I have a huge stash of materials and projects, but it's not the unfinished or unstarted that you count. One of handwork's greatest gifts to me is the pride I feel from a project well DONE.

Thanks for letting me share!
Ellen F.
temporary resident of Nottingham, England
otherwise from Oakton, Virginia

We have attended various Churches and our children have been 'dedicated' - meaning that we would bring them up in the Christian faith. Mind you they have done their own thing! However, back to clothing.

I don't think it matters at all. I think something clean, tidy - and it all depends on finances. Clothing that is 'respectable' ie. no thongs etc.! I am sure God isn't concerned about what is worn. I think we can just dress according to whatever you can afford at the time - but remembering that in all of this, God looks at our hearts rather than our outward appearances.

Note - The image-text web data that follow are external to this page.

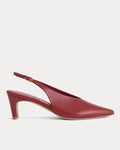 Pointed-Toe Slingback Heel | Rouge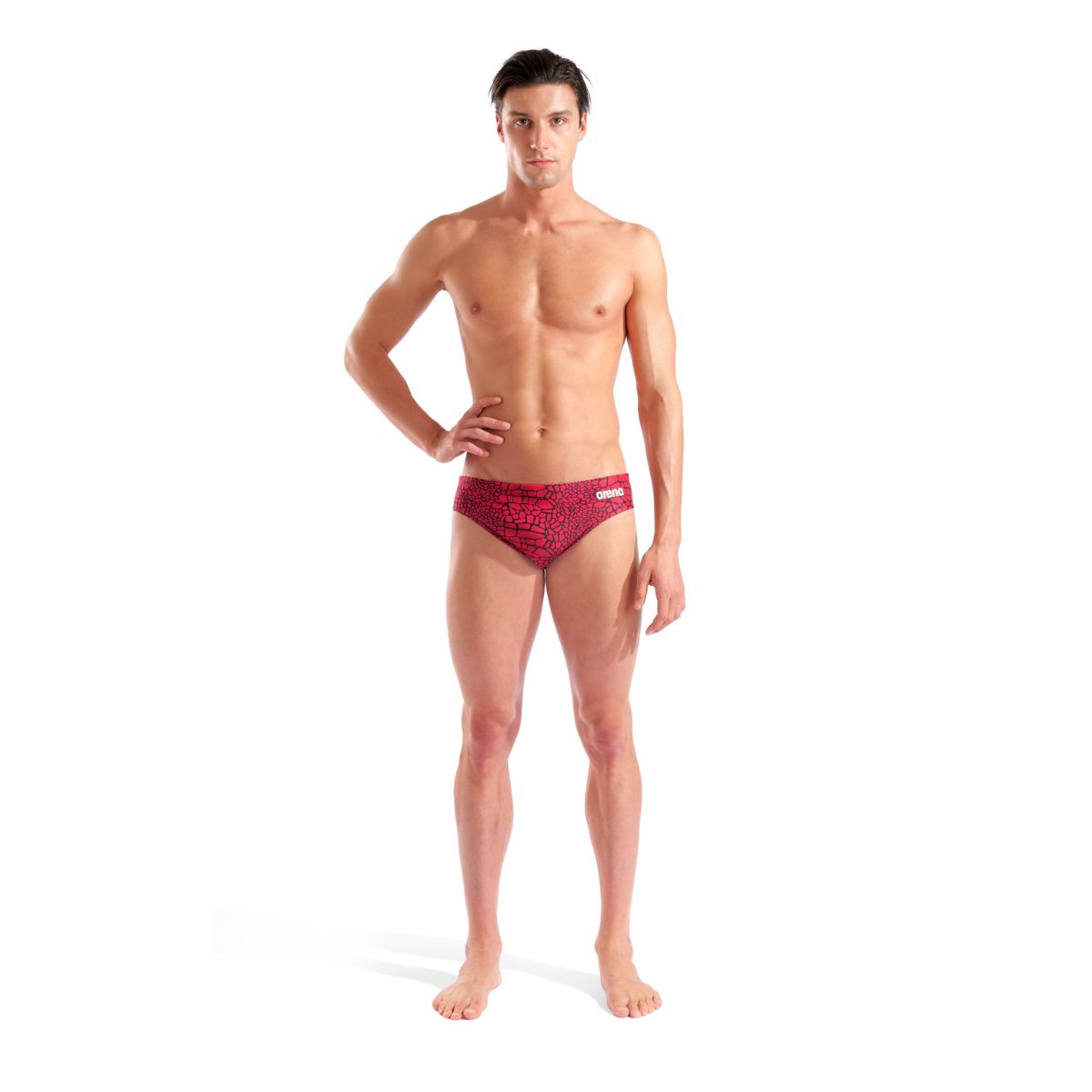 Arena Men's Team Swim Snakeskin Briefs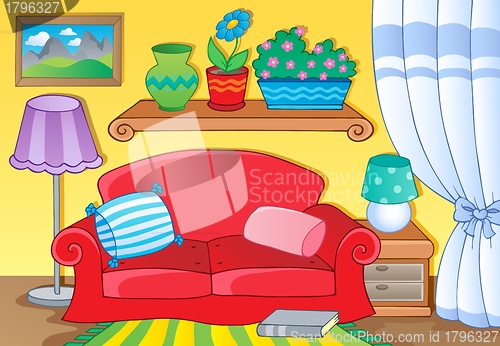 Image of Room with furniture theme image 1
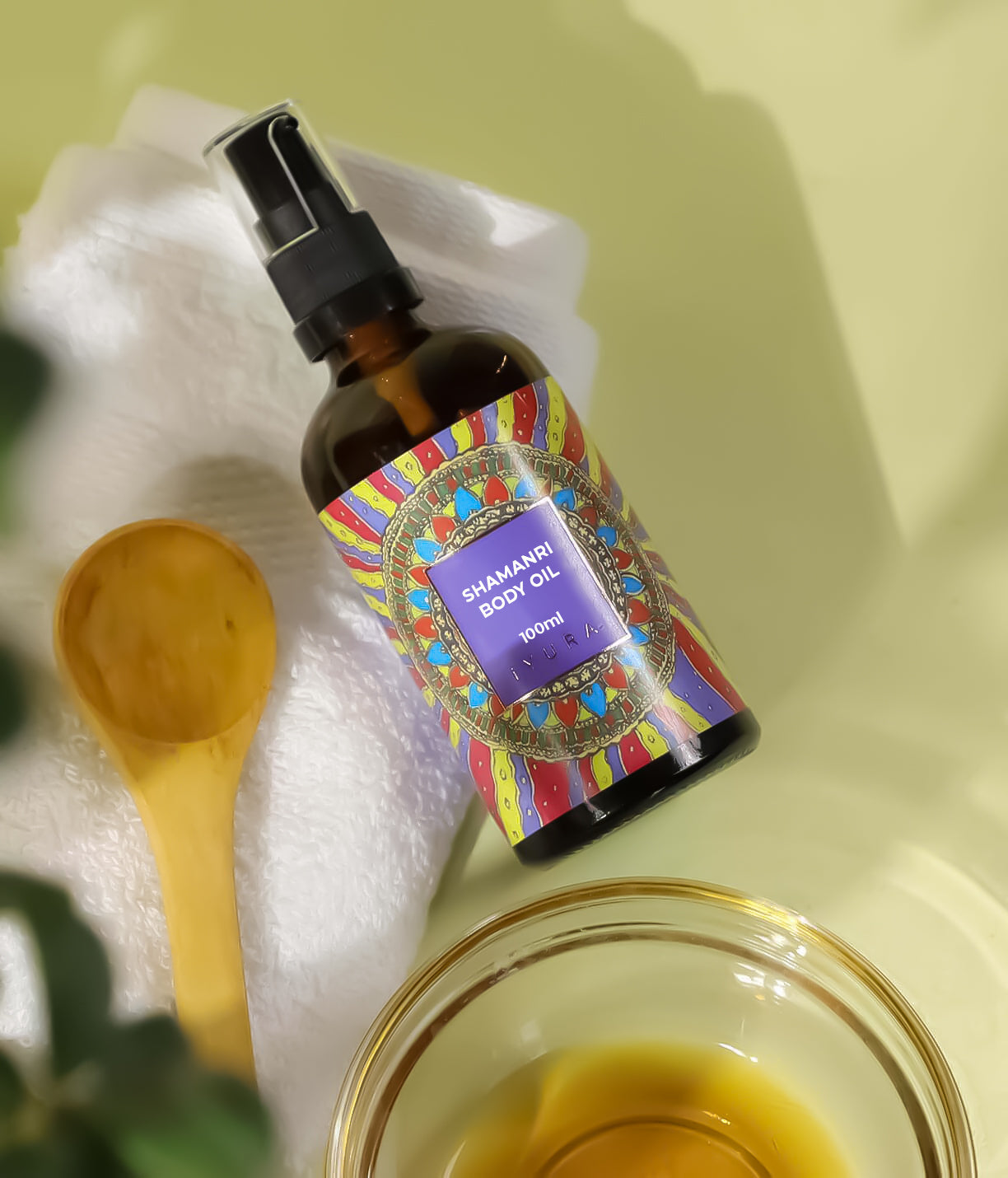 Shamanri Ulei de Corp (Shamanri Body Oil)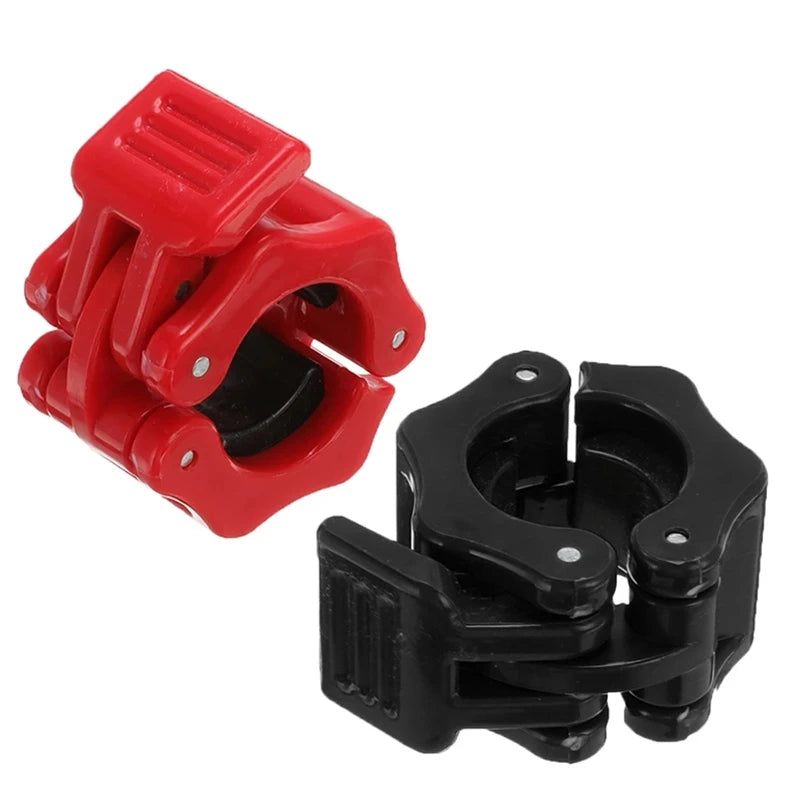 1Pcs Locking 25/28/30Mm Standard Bar Dumbbell Barbell Collars Lock Clips Clamp Weight Lifting Gym Fitness Bodybuilding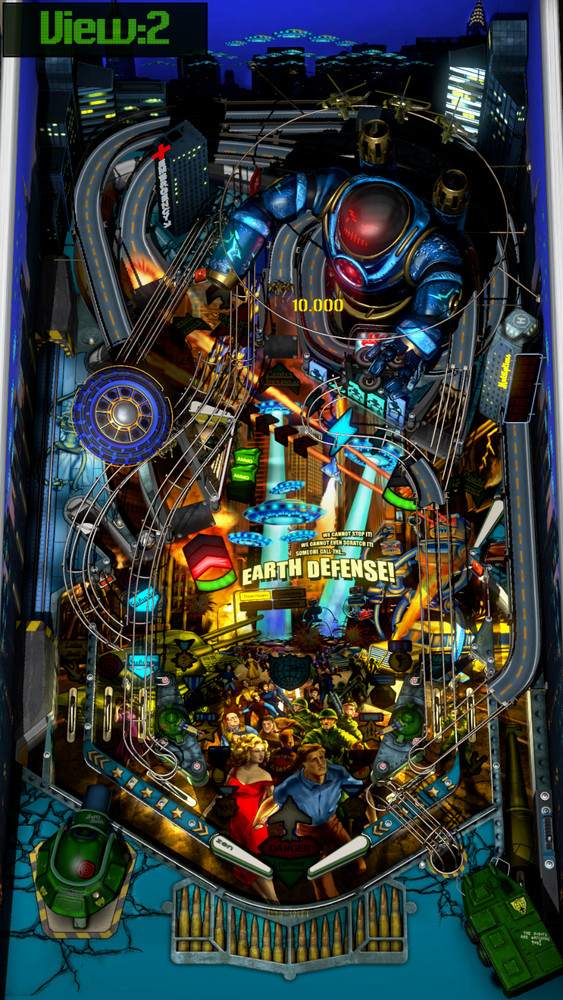 Cocktail Vs Pinball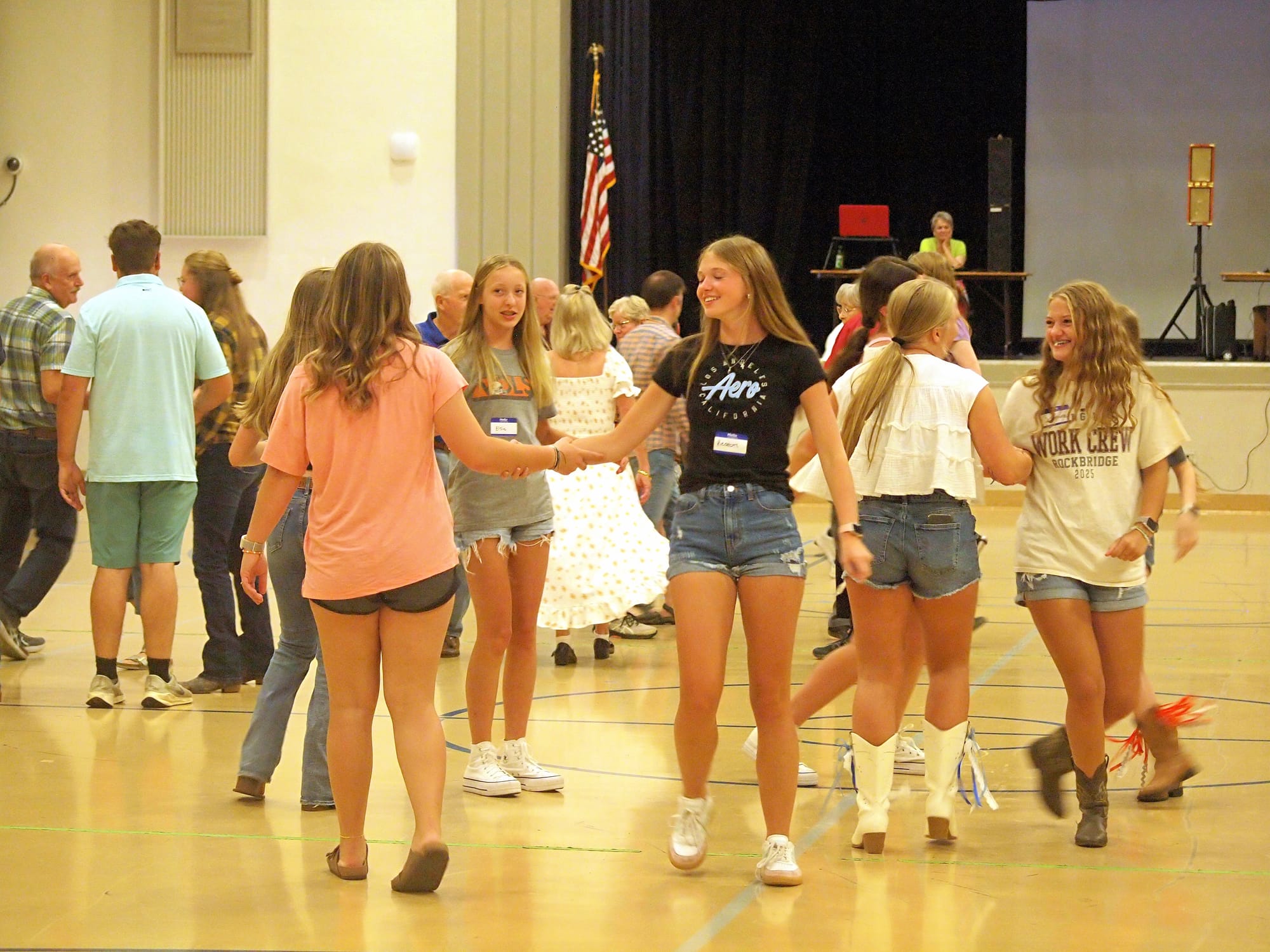 2025 Kingsport Fun Fest Dance Party, Civic Auditorium [Photo: S Cobaugh]
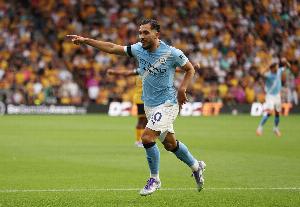 谢尔基：我能通过触球感觉到皮球不开心，球就和我养的猫一样 配图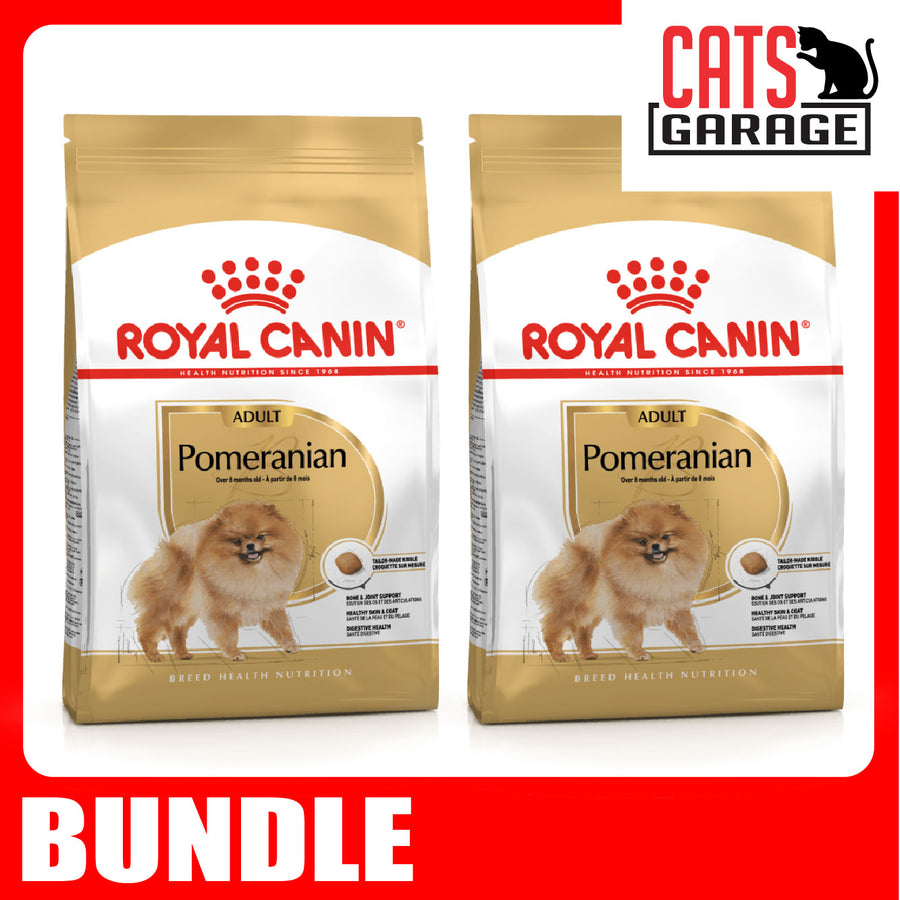 Royal Canin Canine Pomeranian Dry Dog Food 1.5kg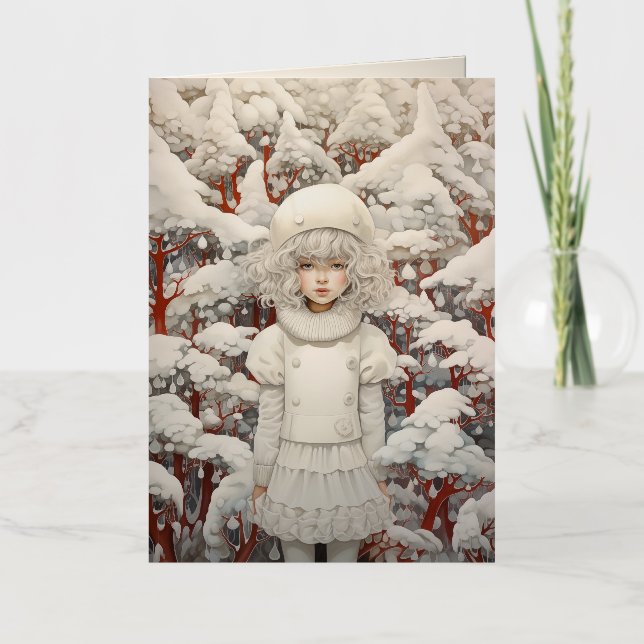 Navidades blancos soñando (Anverso)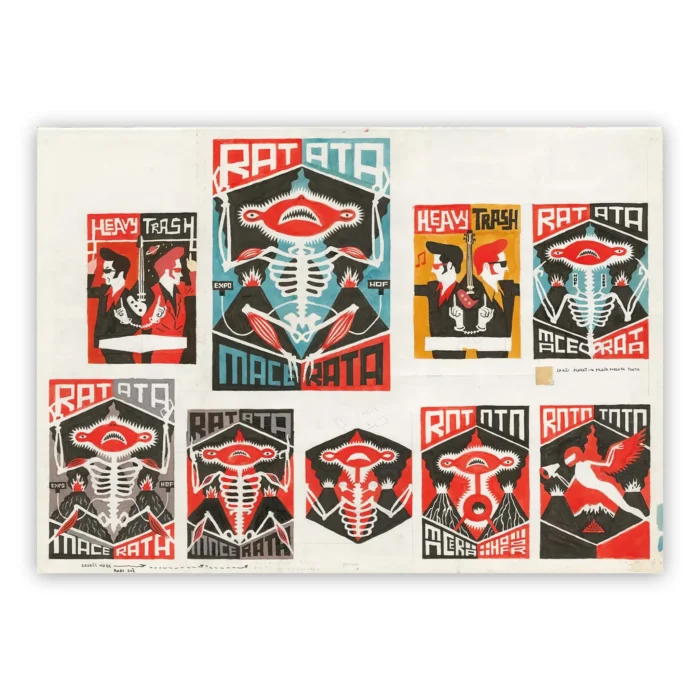 Ratatà Heavy Trash 01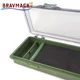 BRAVMACK Caja rígida para aparejos de carpa con pasadores - imagen 2
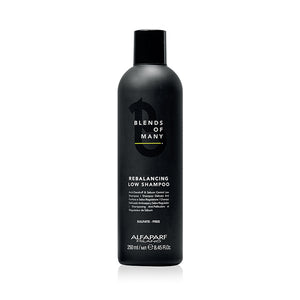 Alfaparf blends of many rebalancing low shampoo - shampoo riequilibrante antiforfora uomo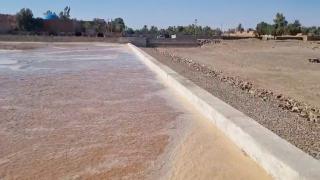 شريان الحياة يعود: وصول السيول لعتبة الوادي بمحاميد الغزلان لإنعاش الآبار. “توث…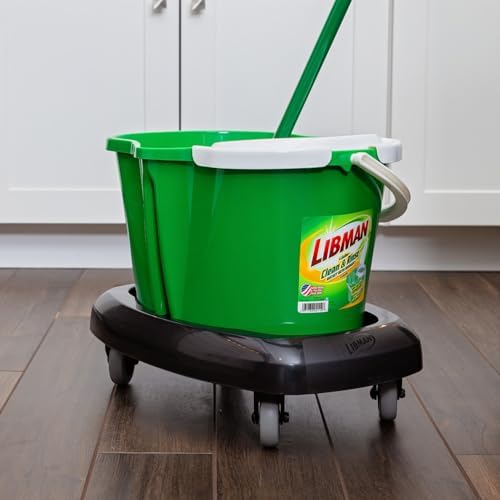 Libman Bucket Trolley for Mops and Buckets
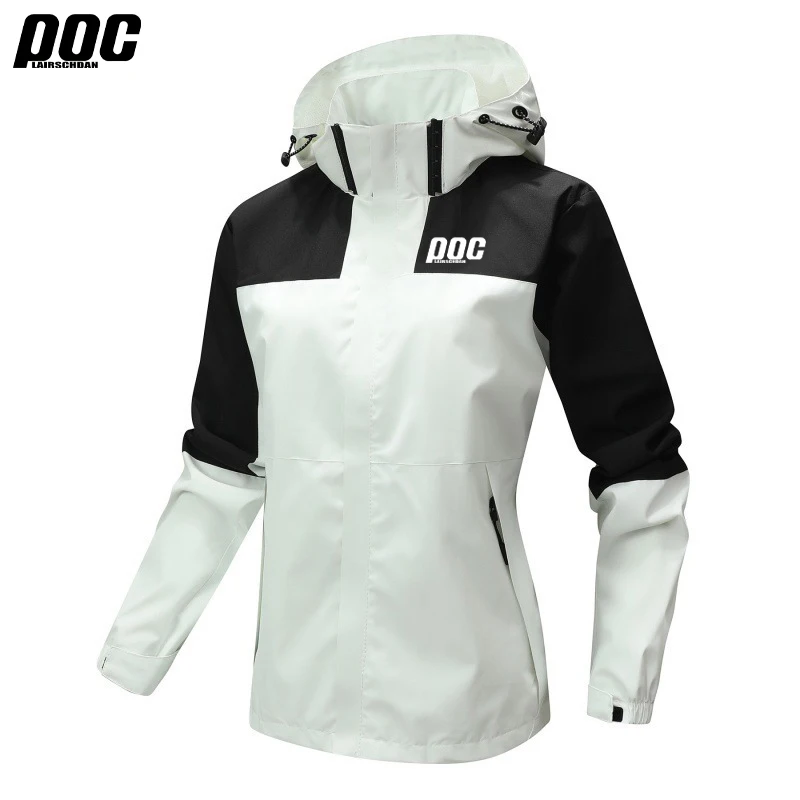 LairschDan POC Bike Waterproof Jacket Bicycle Riding Breathable Clothing MTB Downhill Windproof Clothing Woman road Rider Cyclin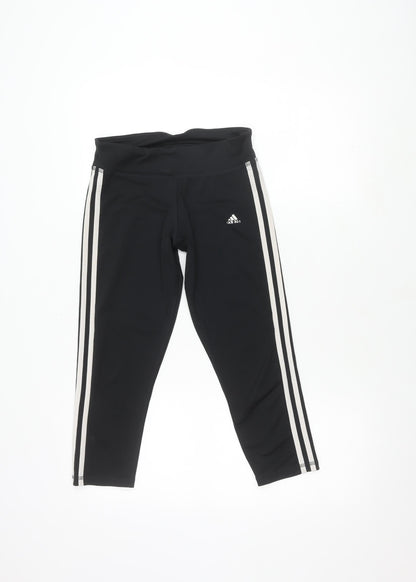 Adidas Women's Black Track Pants, Size S, Gym & Training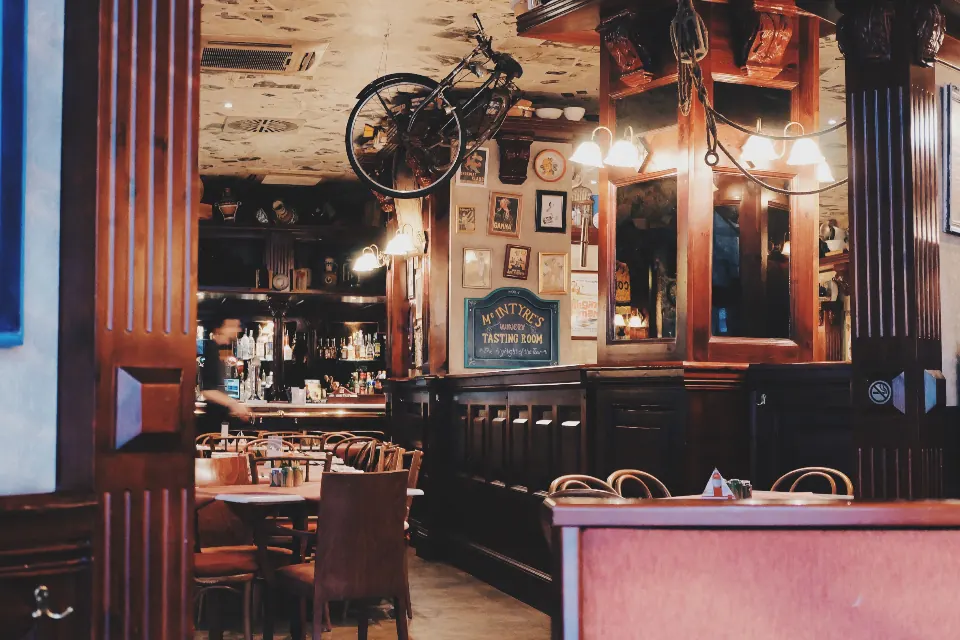 Neighborhood cafe on Detroit's east side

Sue, we became Christians in our late 20's. We were brought up high Anglicans and thought we were Christians. However, we soon found out that we weren't. We have had the most incredible lives since we made peace with God and gave our lives to Him.
God bless,
Pat

After seeing your lovely baptismal gown online and hearing questions about your publishing I found a chart for a gown in an old magazine. It was Cross Stitch Sampler from April and June 1995. I know that may be hard to find but some readers may be able to track it down. I'm hoping one day to have grandchildren to make this for. This pattern also had a cap. This pattern called for 20 count Ariosa and using #5 and #8 Pearle Cotton but I like your idea better with the 28 linen. This pattern includes a butterfly (symbolizing the Resurrection), crosses and hearts. They use a commercial pattern to put it all together. I hope that helps. Let me know if you have any questions/comments. Enjoy your newest grandchild.
Becky T.

The white garment is called a Christening garment and is usually put on over the gown the baby has worn. It is provided by the church that is baptizing the infant and can be either hand made by a parishioner or purchased. I make them for two parishes in my town and use plain cotton and decorate them with lace on the edge and backstitch or bead a cross on the front. They slip on over the baby's head during the ceremony when the celebrant says, "See in this white garment the outward sign of your Christian dignity." I hope this answer helps.
Cathie L.
Westmont, New Jersey

My mother made many of them in her lifetime. She would use a light white cotton or blend, and embroider it in white or gold with the symbol for the Holy Spirit because it was easy and graphic, but you can do anything appropriate – just check with the parish priest regarding consistency with liturgy. The “garment” would be in the shape of a shirt with sleeves, neckline, but otherwise a simple square shirt front, and after embroidering, she would sew a lining onto the back to conceal all raw edges. The garment is placed on the baby’s chest during the ceremony. Especially convenient since many modern Catholic baptisms involve immersion requiring the baby to be undressed with a diaper at most, making traditional baptismal gowns etc impractical, especially here in Hawaii – and it becomes a lovely souvenir of the occasion, to be framed with the baptism certificate. Does this help?
Aloha,
C.Duarte
Kailua, O’ahu

I have had experience (in my shop, a CLC Christian Bookcentre) of supplying a Baptismal stole - it was a length of white fabric (embroidered at each end) which was draped over the baby's shoulder/ around it's neck, at one point in the ceremony.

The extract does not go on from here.